Source: fintechnews.sg
Data science, which involves developing methods of recording, storing and analyzing data to extract useful information and gain insights, has created a drastic change in the financial services industry.
Considered as the core of fintech, data science and its allies in the form of artificial intelligence (AI), machine learning (ML) and big data, have brought the sector to the next level, with now applications in areas including risk evaluation, fraud detection, payments and transaction records, as well as asset management.
In risk evaluation, data science allows fintech companies to assemble faster and more accurate credit evaluation processes; in fraud prevention, it helps enhance detection and prevention processes through real-time monitoring and evaluation; and in asset management, data science is enabling fintechs to crunch huge amounts of data and construct asset management models.
But besides the ability to provide customers with more personalized products and services, evaluate credit risk more rapidly and precisely, and fight threat and fraud in real-time, data and analytics also allow financial services firms to take a much more holistic view of how their businesses are performing, providing them with more complete insights to support strategic decision making.
The International Data Corporation (IDC) forecasts worldwide revenues for big data and business analytics solutions to reach US$274.3 billion by 2022, growing at a five-year compound annual growth rate (CAGR) of 13.2%. This growth will be driven by digital transformation and rising demand for better, faster, and more comprehensive access to data and related analytics and insights, said Dan Vesset, group vice president for analytics and information management at IDC.
Banking and Big Data
The industries currently making the largest investments in big data and business analytics solutions are banking, discrete manufacturing, professional services, process manufacturing, and federal/central government, according to IDC.
Given its potential to simplify financial decision making and enable superior, personalized solutions, data science has become a critical component in incumbent financial institutions’ digital transformation strategy, with executives in financial services, as well as in technology, media and telecommunications, citing AI and big data as two of the top five most impactful technologies in financial services, alongside the Internet-of-Things (IoT), 5G, and cloud computing, according to PwC’s 2019 Global Fintech Survey.
The trend is also reflected in hiring trends with major global banks including Citi, UBS and Morgan Stanley, all beginning to ramp up their data and intelligence capabilities in 2018, racing to hire data analysts, data scientists, data platform mangers, and more, according to a research by data intelligence platform Outside Insight.
With data science rapidly becoming a prerequisite for any finance company looking to maintain a competitive advantage, Refinitiv, a global provider of financial market data and infrastructure, has introduced Refinitiv Learn-It-All-Labs, a series of hands-on, interactive sessions aimed at helping equip the financial services data science community with the latest skills and ML use-cases in bite size 30 minute sessions.
For its first session, called NLP for Capital Markets 101, Refinitiv explored the impact of natural language processing (NLP) and deep learning on financial organizations and the overall industry, and the different techniques the company uses to make sense of its unstructured data.
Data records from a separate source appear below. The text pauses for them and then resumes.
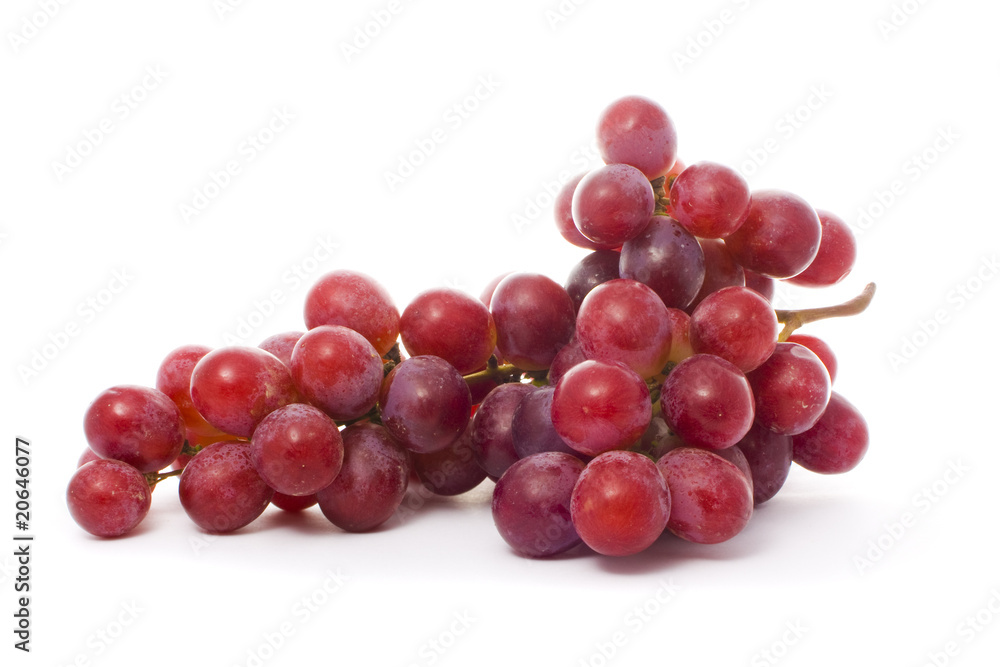 a bunch of juicy grape isolated over white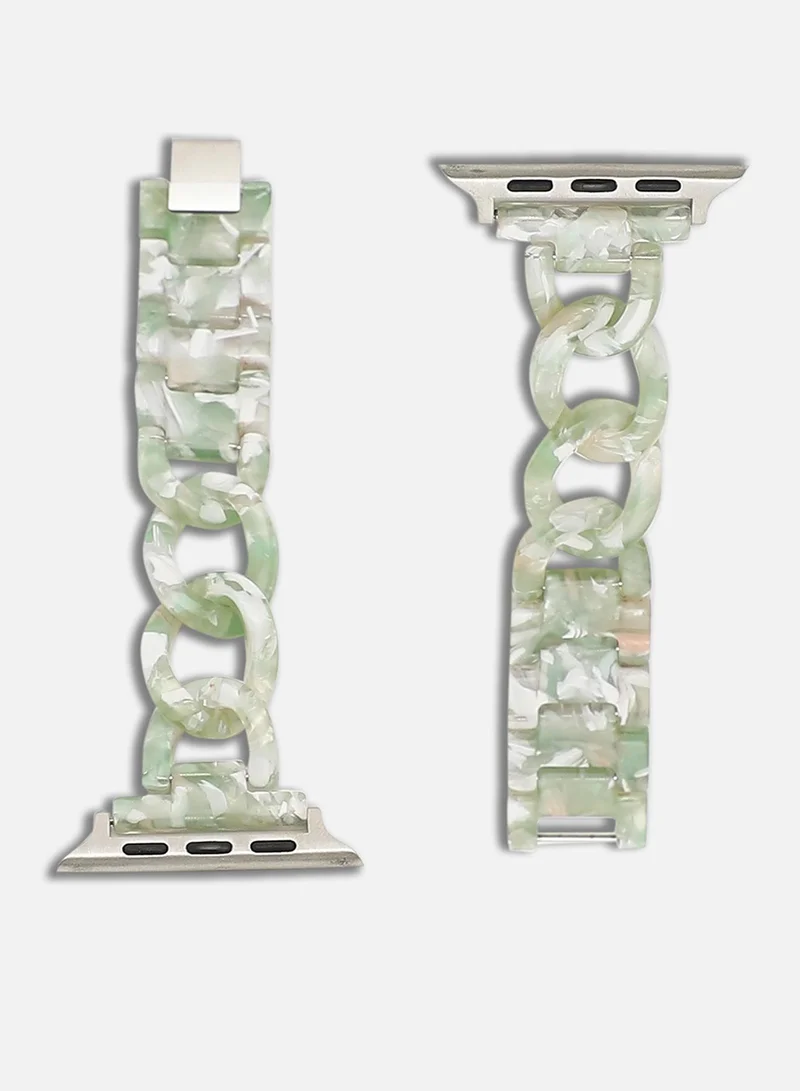 Haute Sauce  Marbled Chain Watch Strap for Women | Best Price UAE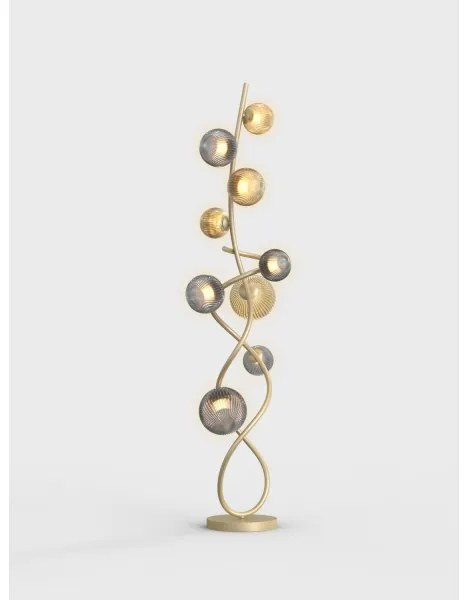 Wofi 3015-904 - LED Állólámpa METZ 9xG9/3,5W/230V arany/szürke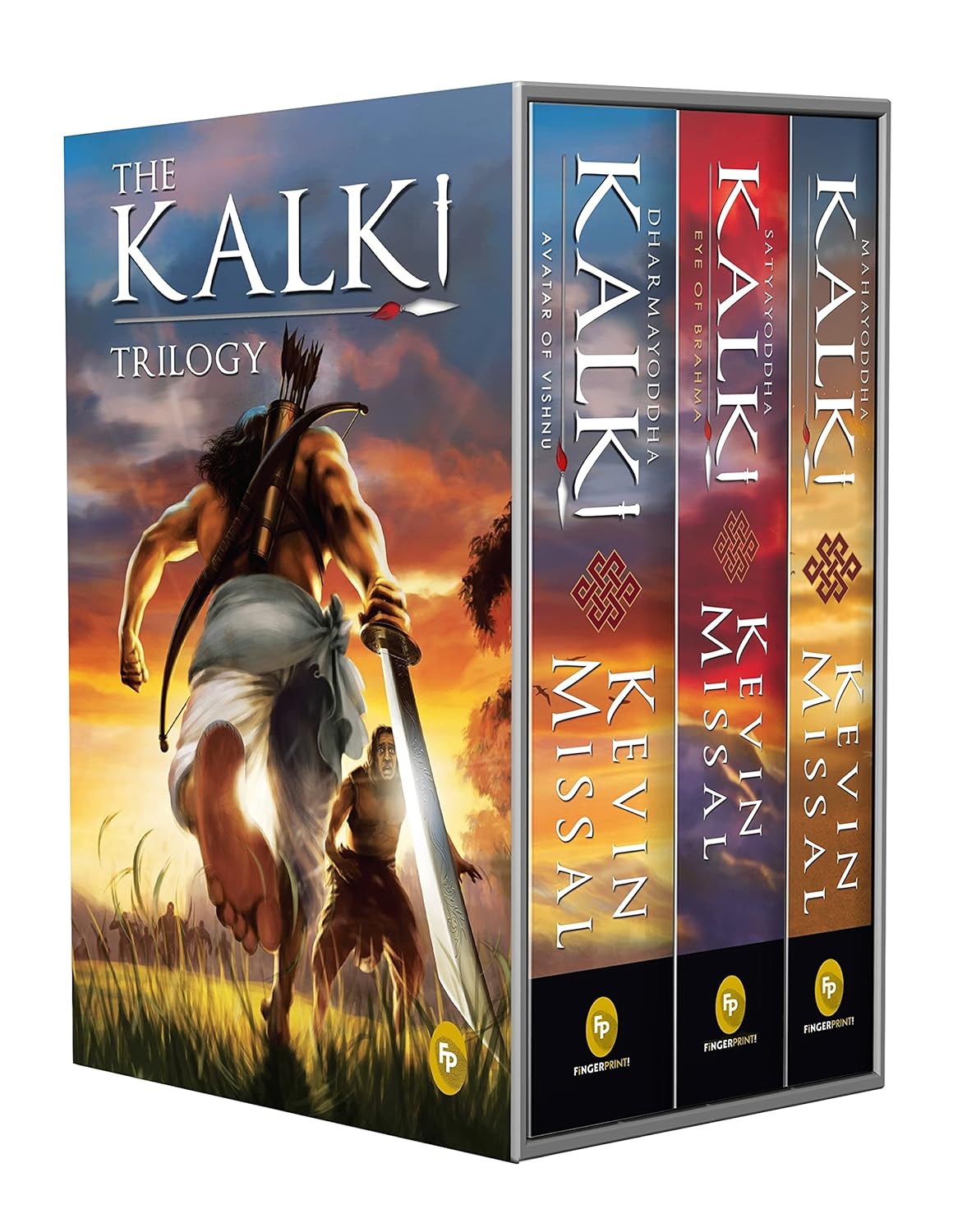 81tmzGnqseL._SL1500_.jpg The Kalki Trilogy (Set of 3 Books) - Avatar of Vishnu; Eye of Brahma; Sword of Shiva - Image 1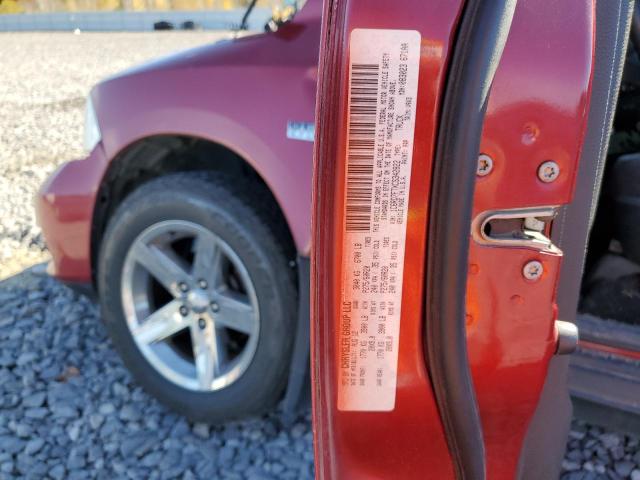 1C6RD7FTXCS342822 - 2012 DODGE RAM 1500 ST BURGUNDY photo 12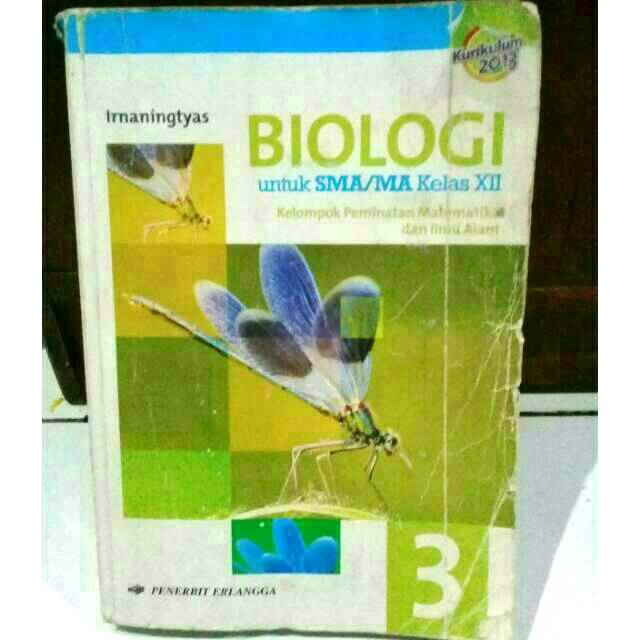 BUKU BIOLOGI KELAS 12 SMA/MA KURIKULUM 2013 PENERBIT ERLANGGA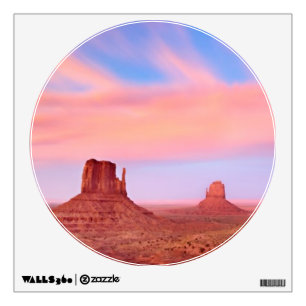 Strong Winds over Desert Valley Wall Sticker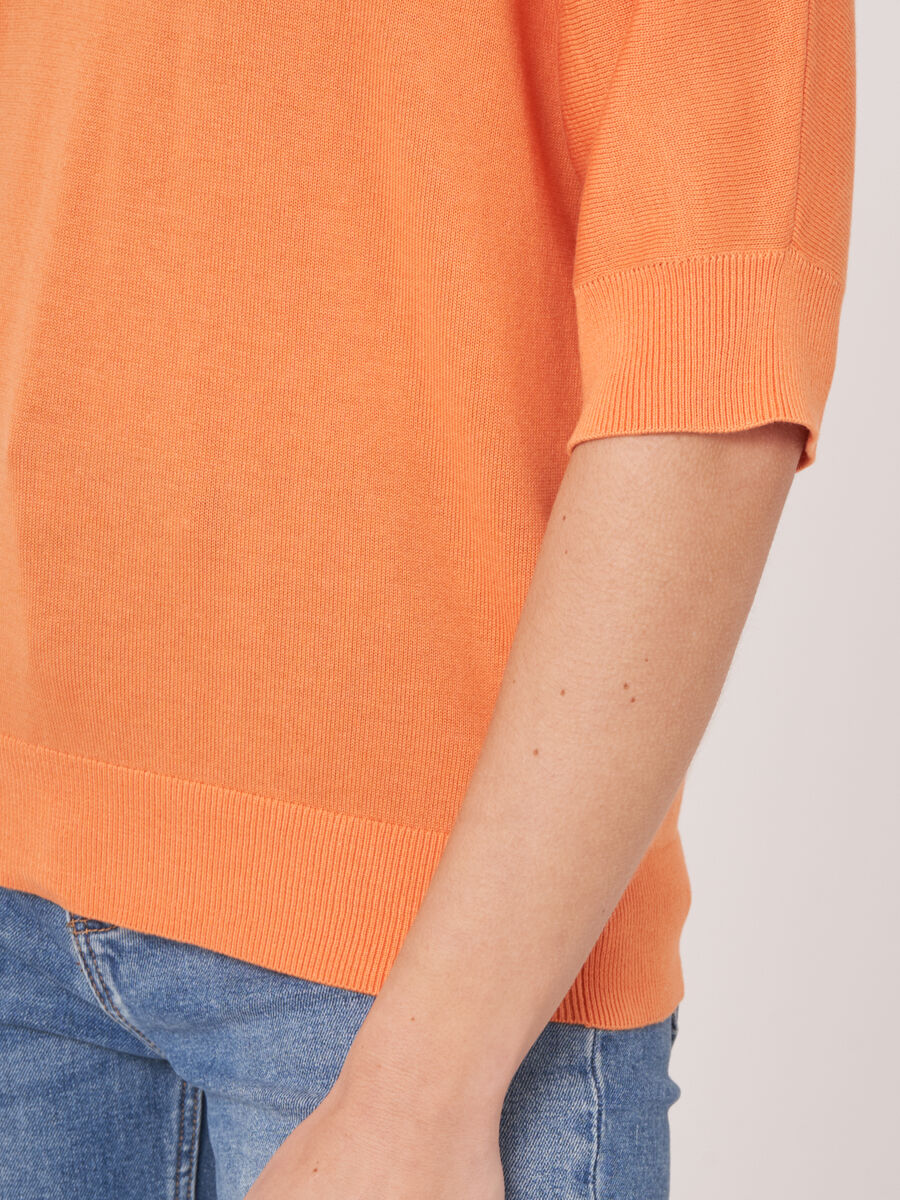 Pullover mit Polokragen aus Baumwollmischung image number 4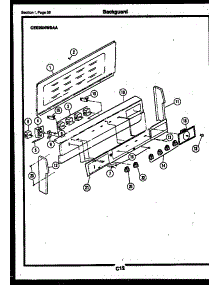 21 - Backguard parts for Frigidaire Range CEB3M2WSTA from AppliancePartsPros.com
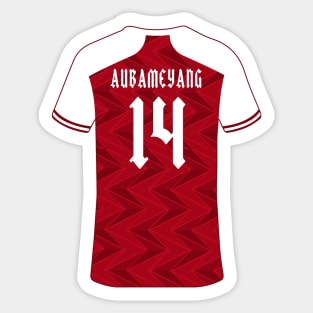 Aubameyang Cup Jersey Sticker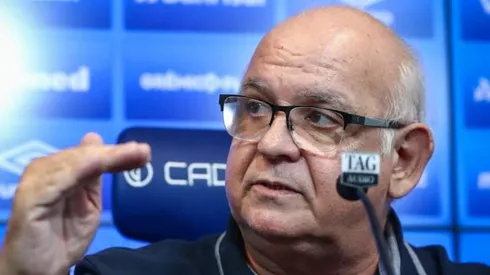Foto: Lucas Uebel/Grêmio/Divulgação- Mandatário foi duramente criticado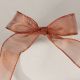 French We Metallic Sheer Rain 1 Inch 25 Yards  Copper Rain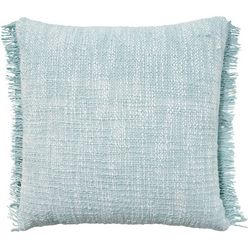 ZEST Kitchen + Home 18x18 Solid Fringe Decorative Pillow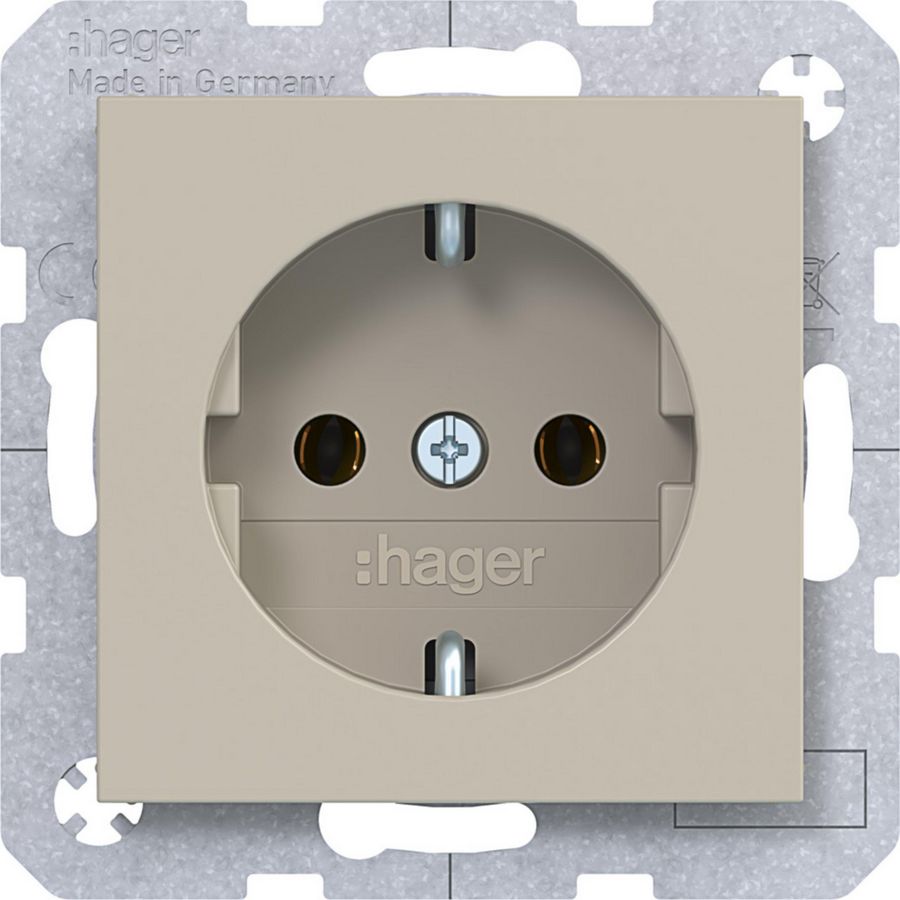 SCHUKO-wandcontactdoos schroef lift klemmen A.x/C.x sand mat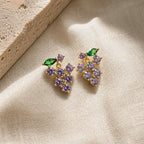 Leaf Accent Stud Earrings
The session also included a live demo of SentiMine, a new Refinitiv Labs project which applies NLP to portfolio management.
Refinitiv’s next Learn-It-All-Labs virtual lab session will take place on May 21, at 8am BST, and will focus on design thinking. In this session, the company will share its design thinking skills and explain how it has applied them to a real-life project called the Data Access Tool.
Key takeaways will include a deep dive into what design thinking actually means, the difference between traditional thinking and design thinking, how to apply a design thinking to a project, and more.